## What the task requires
Copy out the entries below exactly as they stand, but only from the line containing "Oxford Public Library" through the line containing "La Mesange بيت للعطل".

Caption-style text data:
----

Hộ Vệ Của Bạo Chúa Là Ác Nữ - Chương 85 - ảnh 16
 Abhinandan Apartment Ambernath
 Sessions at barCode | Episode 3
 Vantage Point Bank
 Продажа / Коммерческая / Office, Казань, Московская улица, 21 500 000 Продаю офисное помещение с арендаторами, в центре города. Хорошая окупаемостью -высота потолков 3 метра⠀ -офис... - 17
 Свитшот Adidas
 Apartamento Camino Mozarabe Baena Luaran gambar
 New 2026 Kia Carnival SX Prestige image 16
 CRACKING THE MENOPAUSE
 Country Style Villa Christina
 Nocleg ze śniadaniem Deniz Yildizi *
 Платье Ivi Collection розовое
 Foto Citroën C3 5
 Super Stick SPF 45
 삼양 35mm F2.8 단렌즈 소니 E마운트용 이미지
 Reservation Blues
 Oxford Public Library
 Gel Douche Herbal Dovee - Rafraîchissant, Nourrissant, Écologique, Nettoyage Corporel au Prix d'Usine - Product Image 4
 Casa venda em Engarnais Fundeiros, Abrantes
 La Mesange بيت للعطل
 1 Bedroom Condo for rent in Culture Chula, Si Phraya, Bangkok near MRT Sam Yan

----

## Answer to the problem
 Oxford Public Library
 Gel Douche Herbal Dovee - Rafraîchissant, Nourrissant, Écologique, Nettoyage Corporel au Prix d'Usine - Product Image 4
 Casa venda em Engarnais Fundeiros, Abrantes
 La Mesange بيت للعطل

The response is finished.